The official Canadian position on the planned purchase remains unclear but the government of Prime Minister Stephen Harper is looking at an upgrade with the option to allocate the existing Hawks elsewhere in the Canadian armed forces.
British-built Hawk, operational worldwide since 1974, is used by armed forces globally and remains in production. At least 18 air force and military establishments worldwide are known to be using more than 900 Hawks.
Harper's procurement strategy appears to be aimed at priming the air force for the much more ambitious task of the planned switchover to the Lockheed Martin F-35 Lightning II Joint Strike Fighter.
The Hawk is both a training aircraft and a light combat plane and can likely fit into the pattern as the F-35 is eased into service -- whenever that happens over the next four years.
Canada originally planned to buy 65 F-35s but controversy over the government's alleged mishandling of the planned purchase has built up pressure to negotiate prices and buy less aircraft.

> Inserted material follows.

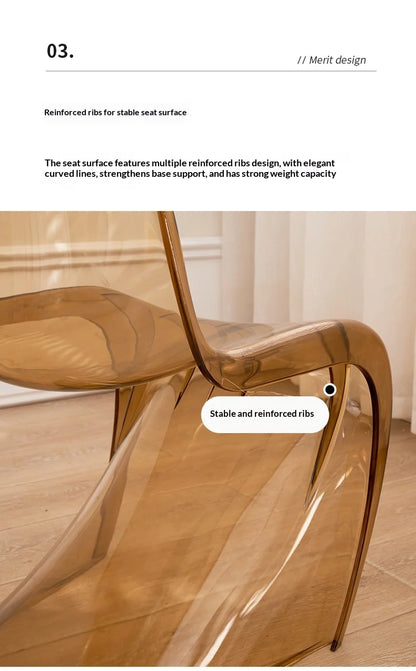 Acrylic Ghost Chair Modern Minimalist Transparent Dining Chair Designer Vanity Stool Kitchen Seating Clear Plastic Chaise Chair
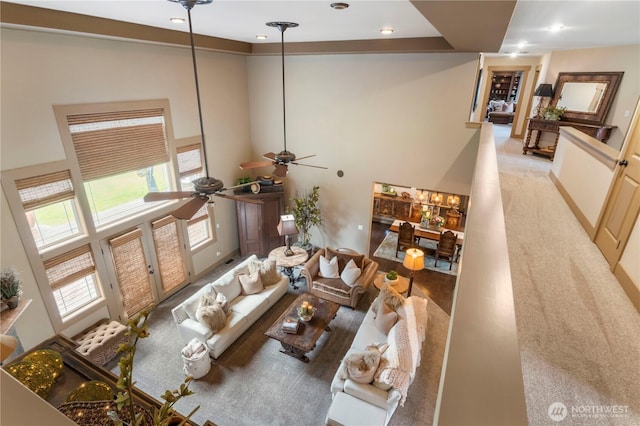 29122 71st Ave E, Graham, WA 98338 - living room featuring a towering ceiling and a ceiling fan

The current price tag on Canada's likely purchase of 65 F-35s exceeds $15 billion.
A government decision on buying a new trainer jet is also in exploratory stages.
Government defense procurement teams have looked at several options, which include the BAE System's Hawk 128, Alenia Aeronautica's M-346 Master and Korean Aerospace International's T-50 Golden Eagle.
The training program for the trainer jet will likely include simulators and training curriculum designed to initiate air force pilots into the F-35 program.
However, Canada's aim isn't necessarily to go for a replacement contract for the Hawk trainers, as the air force could simply upgrade the fleet to manage the training tasks associated with the F-35, Flight Global reported.
Meanwhile, the F-35 acquisition program is moving slowly after an earlier flap in which Canada's auditor general took Harper's government to task for not being transparent enough while sharing information on the program with parliament and government agencies.
The procurement was heavily criticized by the opposition and the media and was labeled a national "scandal" and "fiasco." Harper's government has moved quickly to control political damage over the controversy.
The F-35s will replace about 80 McDonnell Douglas CF-18 Hornets in a phased program likely to conclude in 2016. However, Harper is under pressure to be more transparent and provide more details of the acquisition than originally supplied.
The F-35 program continues to be a major political issue, requiring Harper to be extra cautious in managing the purchase of new jet trainer aircraft.